3. Import your STL file via IMPORT > 3D STL, and uncheck auto-scale.

📐 Adjust the Model Parameters

1. Orientation: Top
2. Z-position: Base height - model height (to align model to top surface)
3. Cut Style: Model Boundary Relief
4. Cut Depth: Thickness of your acrylic
5. Padding: 0
6. Finishing Toolpath: Try 45° (gives a good finish in acrylic)

🔧 Toolpaths & Bit Settings

The process consists of two phases: roughing and finishing.

🪓 Roughing Pass:

1. Bit: Flat nose 1/8", single flute
2. Feed Rate: 800 mm/min
3. Depth per Pass: 0.5 mm
4. Spindle Speed: 9000 rpm

🎨 Finishing Pass:

1. Bit: Ball nose 1 mm, two flutes
2. Feed Rate: 400 mm/min
3. Spindle Speed: 6000 rpm

Generate toolpaths to preview time and results.

🧷 Mounting the Acrylic on the CNC

1. Use a vise or clamps.
2. Alternatively, apply painter’s tape to both the CNC bed and the acrylic, then glue them with cyanoacrylate.

🚀 Start the Milling Process

1. Install the roughing bit.
2. Move the bit to the bottom-left corner of the acrylic (flat face, not bevel).
3. Set XY zero.
4. Use the Z-probe to set the Z zero (or the paper method if not using a probe).

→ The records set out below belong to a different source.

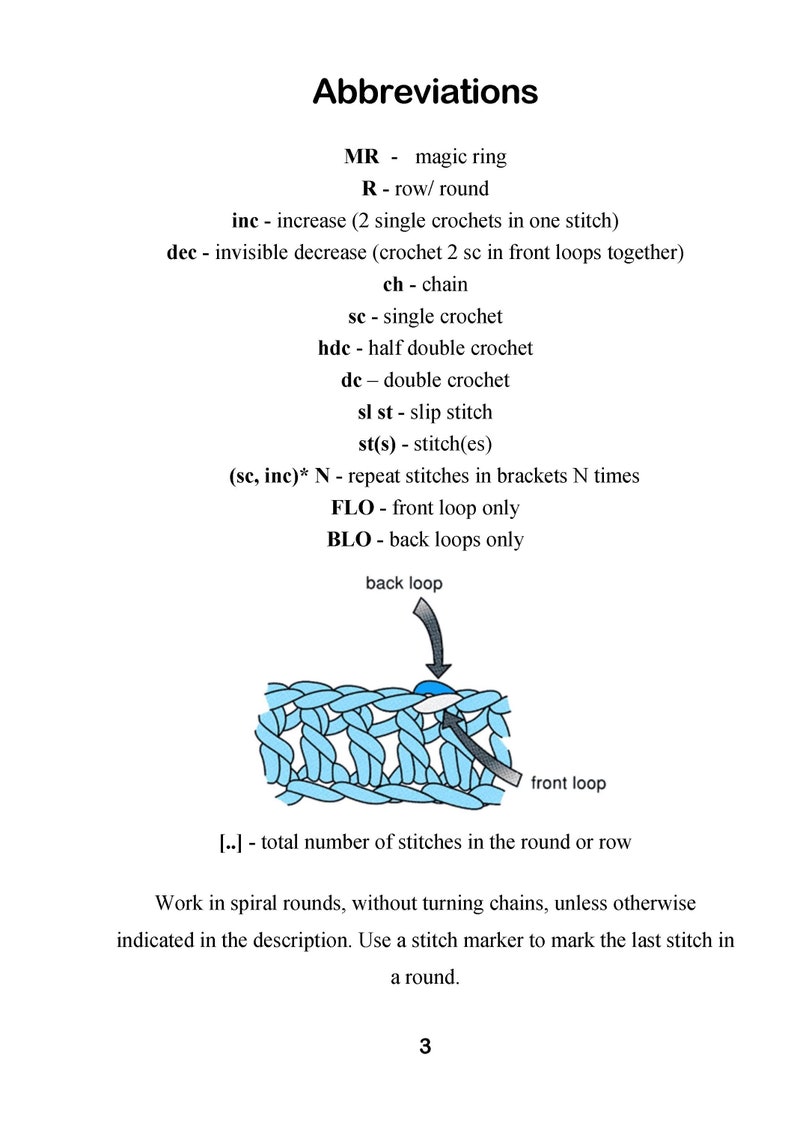 May include: A diagram showing the front and back loops of a crochet stitch. The diagram includes abbreviations for crochet stitches, such as sc for single crochet, hdc for half double crochet, and dc for double crochet. The text also includes instructions for working in spiral rounds and using a stitch marker.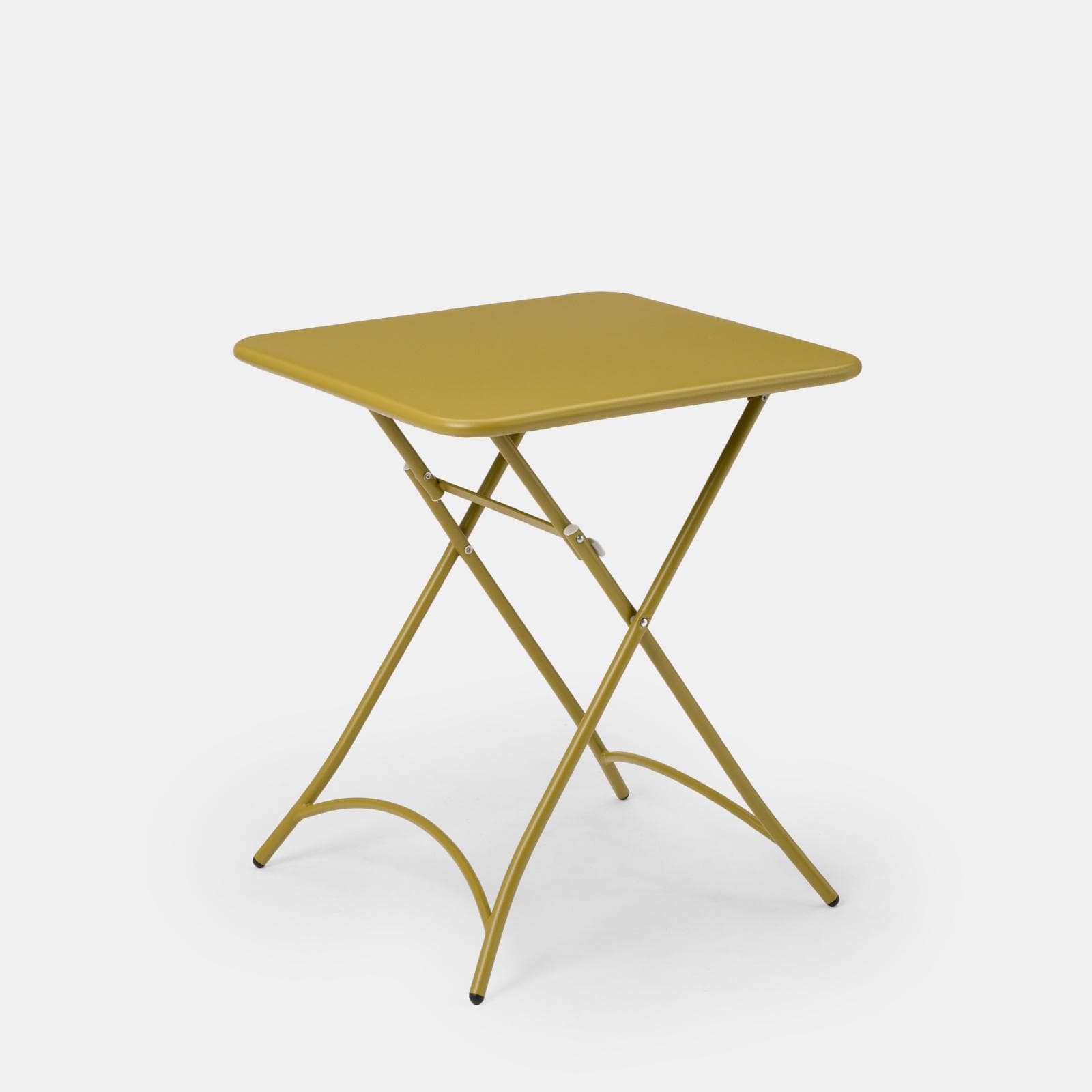Set bistrot con tavolo pieghevole 60x60 cm e 2 sedie pieghevoli in acciaio senape - Faber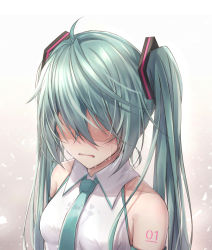Rule 34 | 1girl, ahoge, akira (been0328), bad id, bad pixiv id, bare shoulders, breasts, collarbone, collared shirt, commentary request, crying, detached sleeves, faceless, faceless female, facing viewer, green hair, green necktie, hair ornament, hatsune miku, long hair, necktie, parted lips, shaded face, shirt, sleeveless, sleeveless shirt, small breasts, solo, tears, twintails, vocaloid, wet, wet clothes, wet shirt, white shirt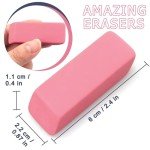 Tamaki Erasers, Pink Pencil Erasers for Drawing, Artist Eraser, Large, Pack of 6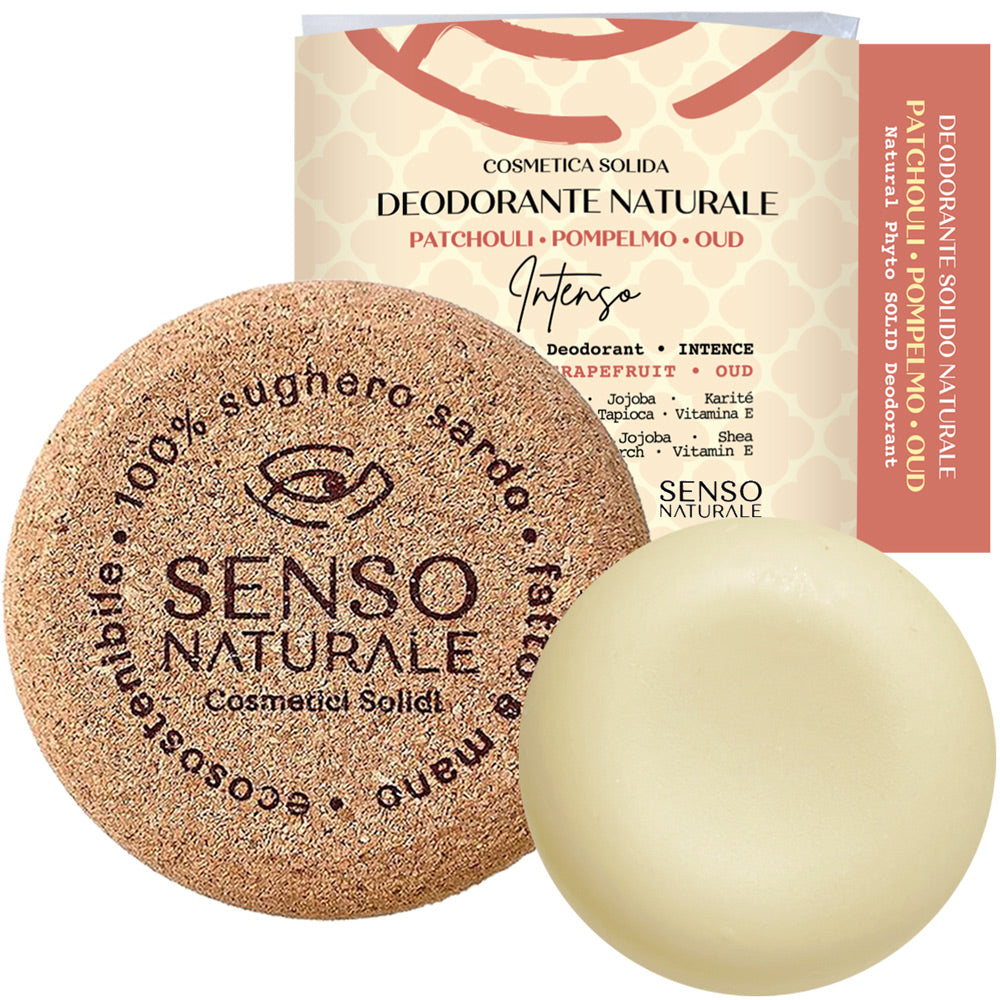 Desodorante natural INTENSO OUD/POMPELMO/PATCHOULI fragancia + envase [ PACK ].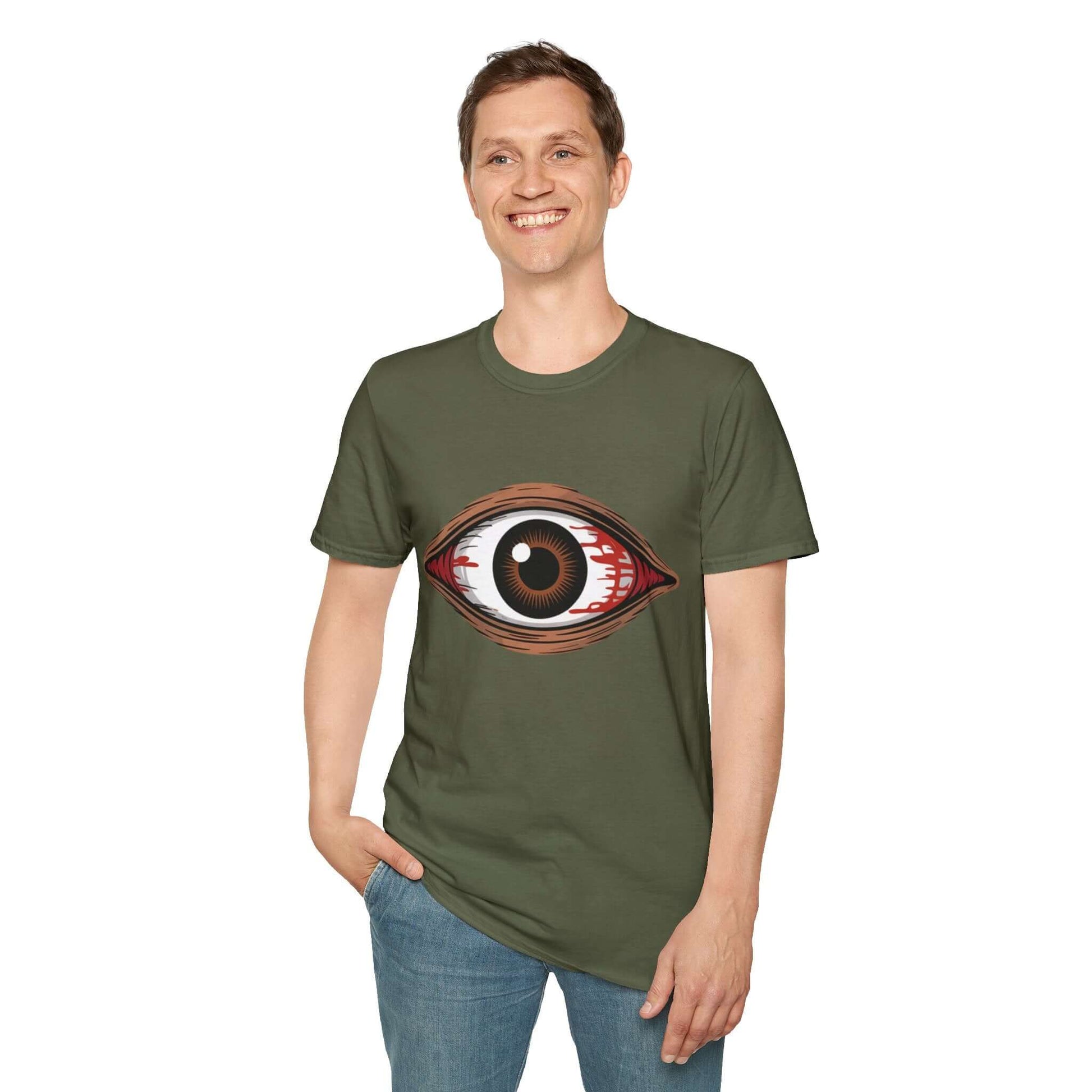 Unisex softstyle T-shirt with a bloody brown eye design, ideal for music festivals and Halloween.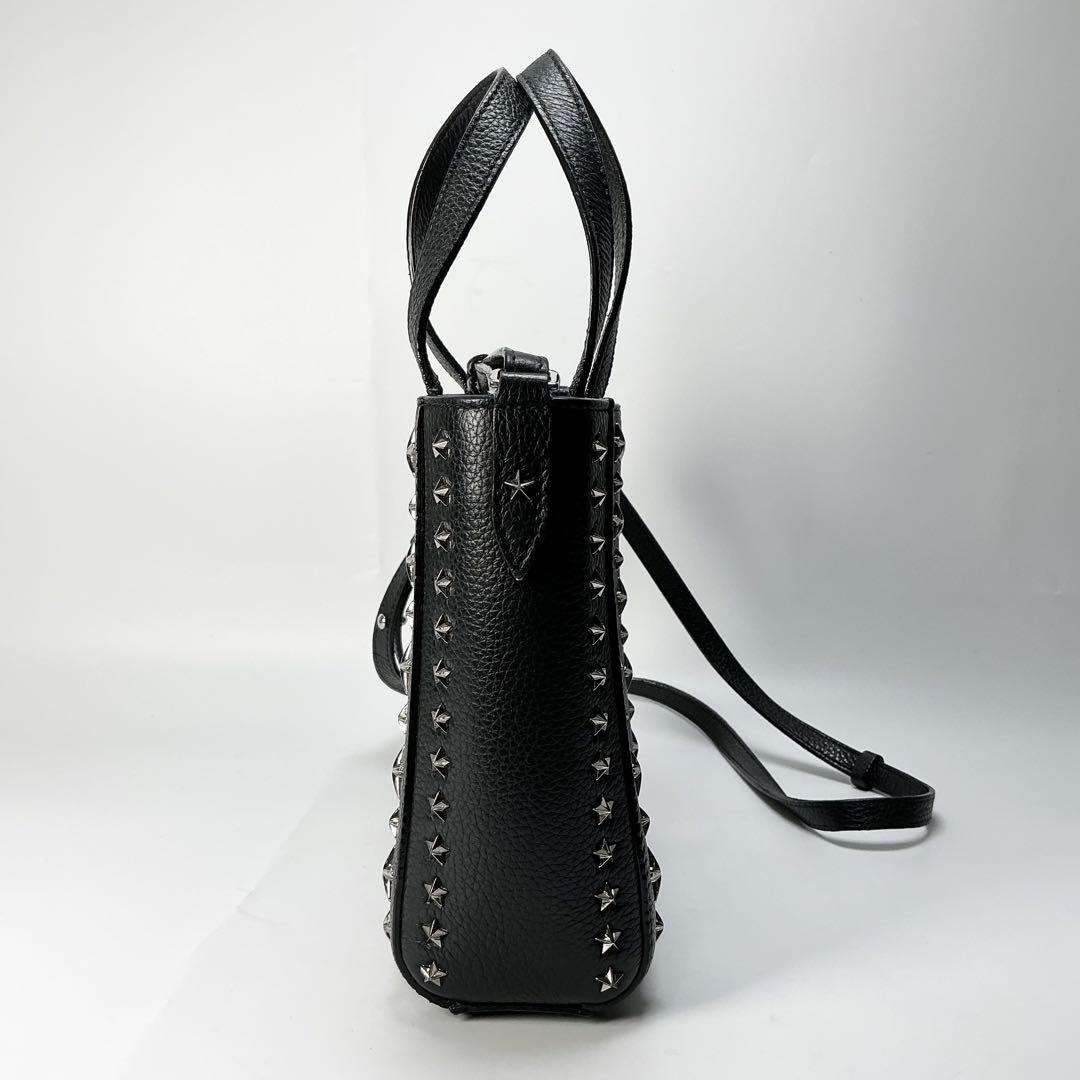 JIMMY CHOO　ミニペガシ2wayトートバッグ　スタースタッズ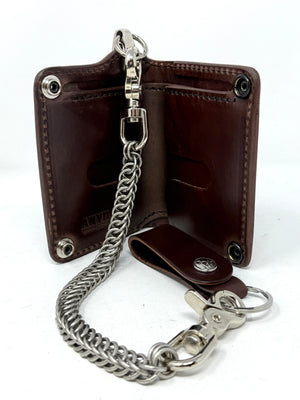 Mini Long Leather Chain Wallet - Brown 5G - Anvil Customs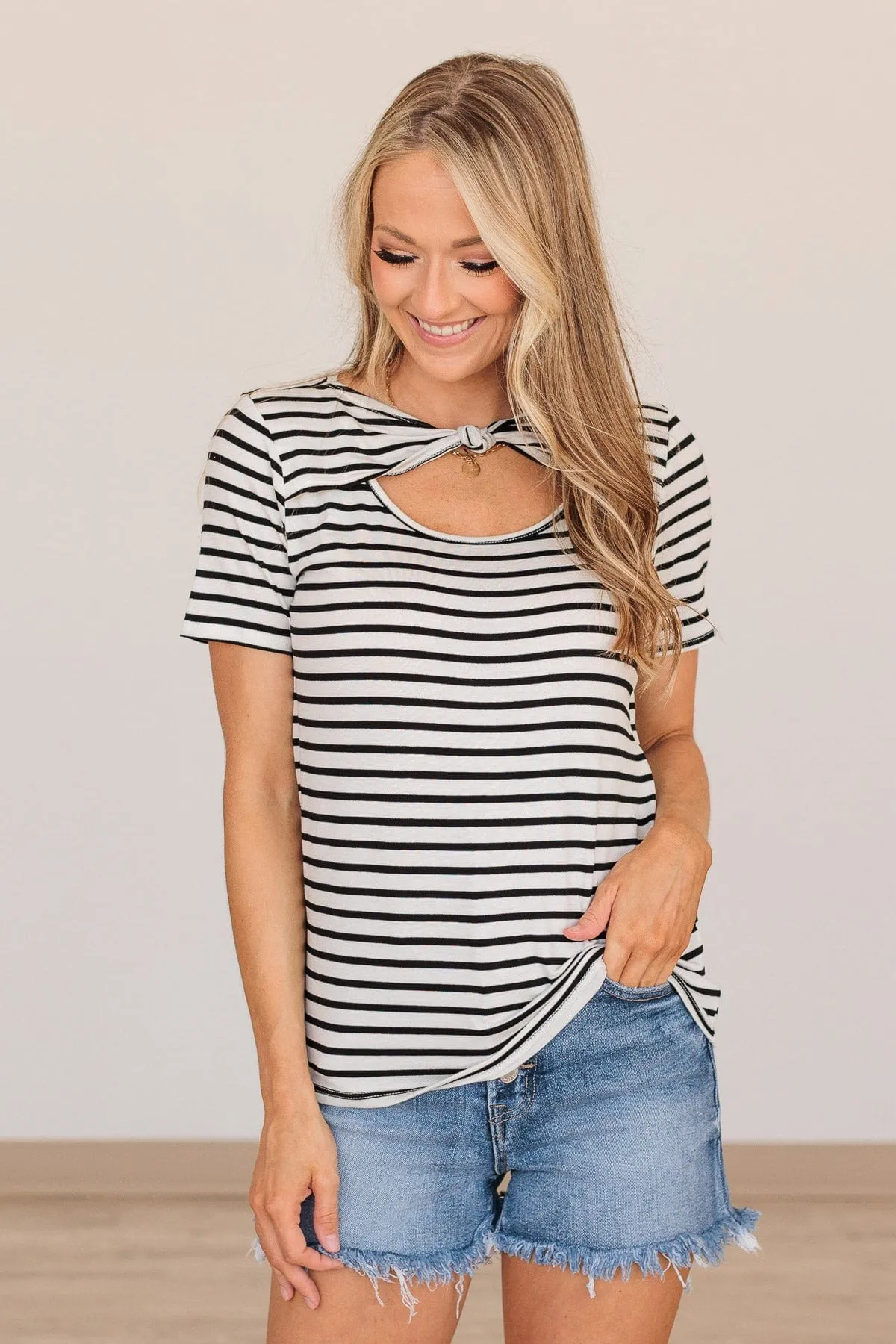 Turn Up The Volume Striped Top- Black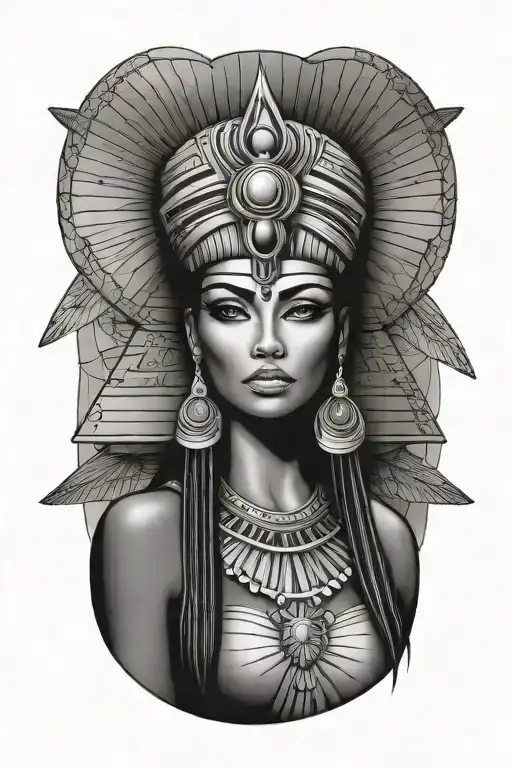 egyption goddess tattoo design idea
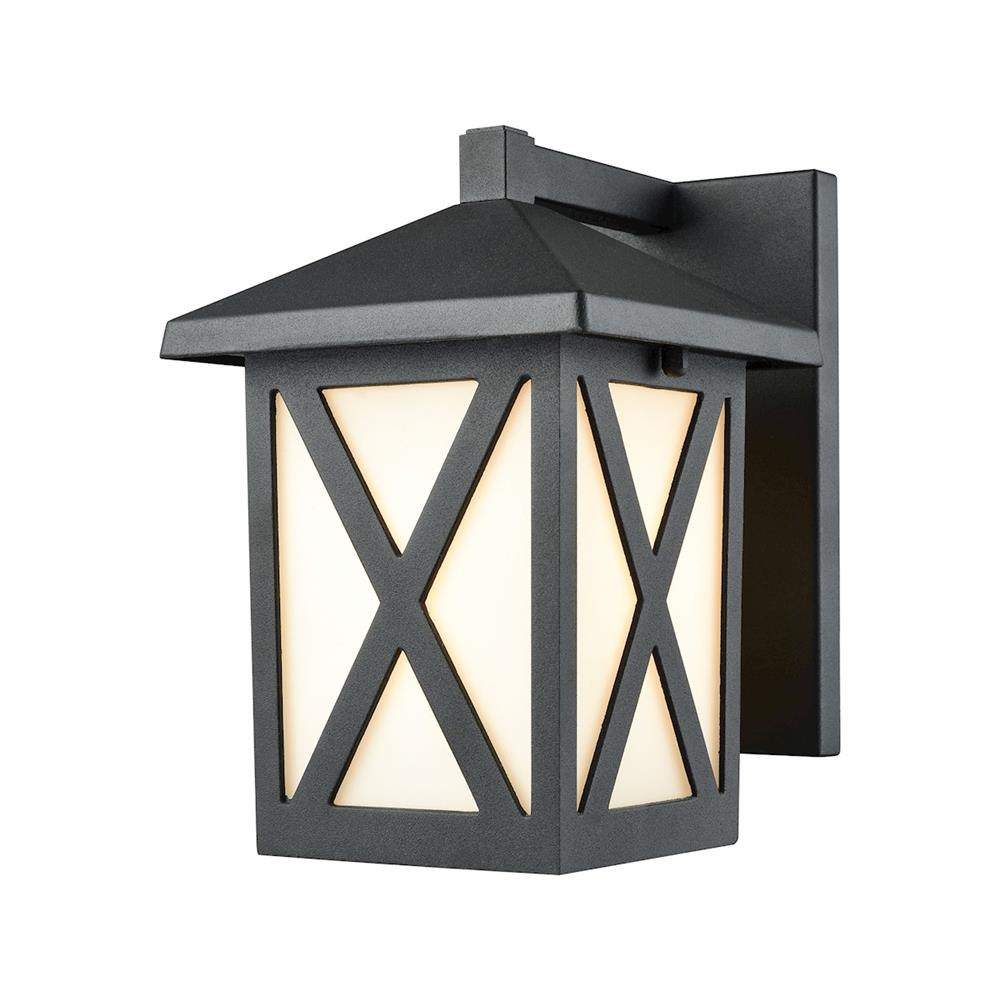 ELK Lighting 45215/1 Lawton 1 Light Outdoor Wall Sconce In Matte Black With White Glass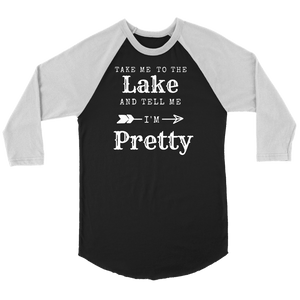 To The Lake T-shirt Canvas Unisex 3/4 Raglan Black/White S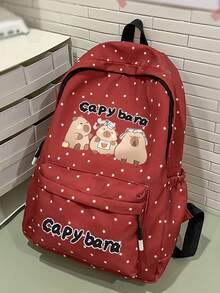 休闲女士背包，尼龙材质，大容量，新款，水豚可爱印花，方便日常通勤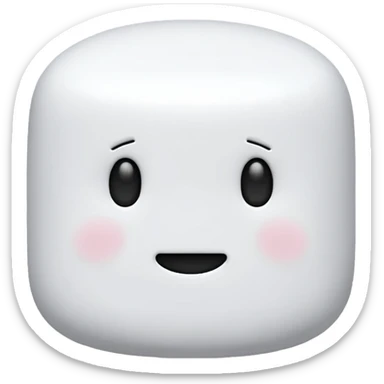 Blank No face on white blank marshmallow, just a marshmallow without a face, without face , no eyes, no mouth sticker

⚠️ Use a thin probe (like YoraHome Z-probe) to avoid tight clearances when using a vice.

1. Start the roughing cut.
2. When done, raise the Z-axis, change the bit, and use Work Zero to reset the CNC to its original origin.
3. Repeat Z-probing for the new bit.
4. Start the finishing pass: Monitor chips during the cut and vacuum carefully if needed to avoid melting.